## [Assignment]
When you transcribe the lines below, keep every word the same and leave the pictures behind.

Supplied data Block Start

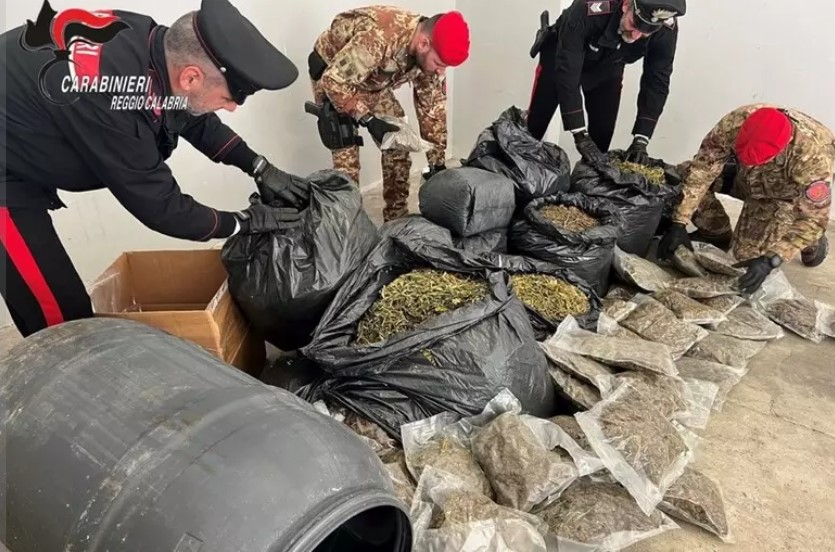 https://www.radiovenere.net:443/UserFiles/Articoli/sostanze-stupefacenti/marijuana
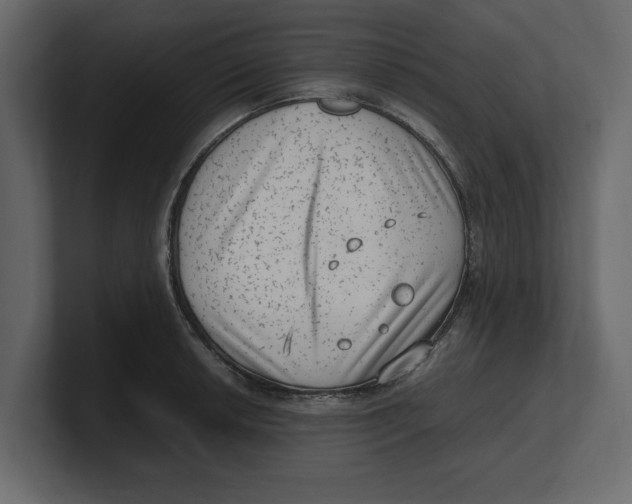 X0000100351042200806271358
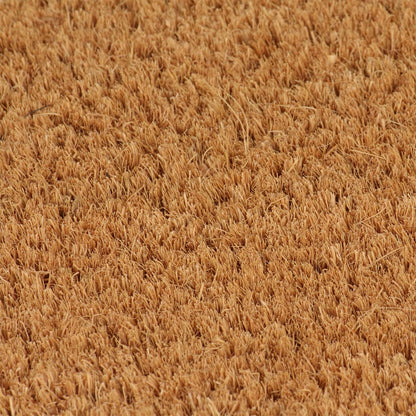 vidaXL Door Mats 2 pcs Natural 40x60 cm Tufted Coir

Supplied data Block End

## [Response area]
 https://www.radiovenere.net:443/UserFiles/Articoli/sostanze-stupefacenti/marijuana
 X0000100351042200806271358
 vidaXL Door Mats 2 pcs Natural 40x60 cm Tufted Coir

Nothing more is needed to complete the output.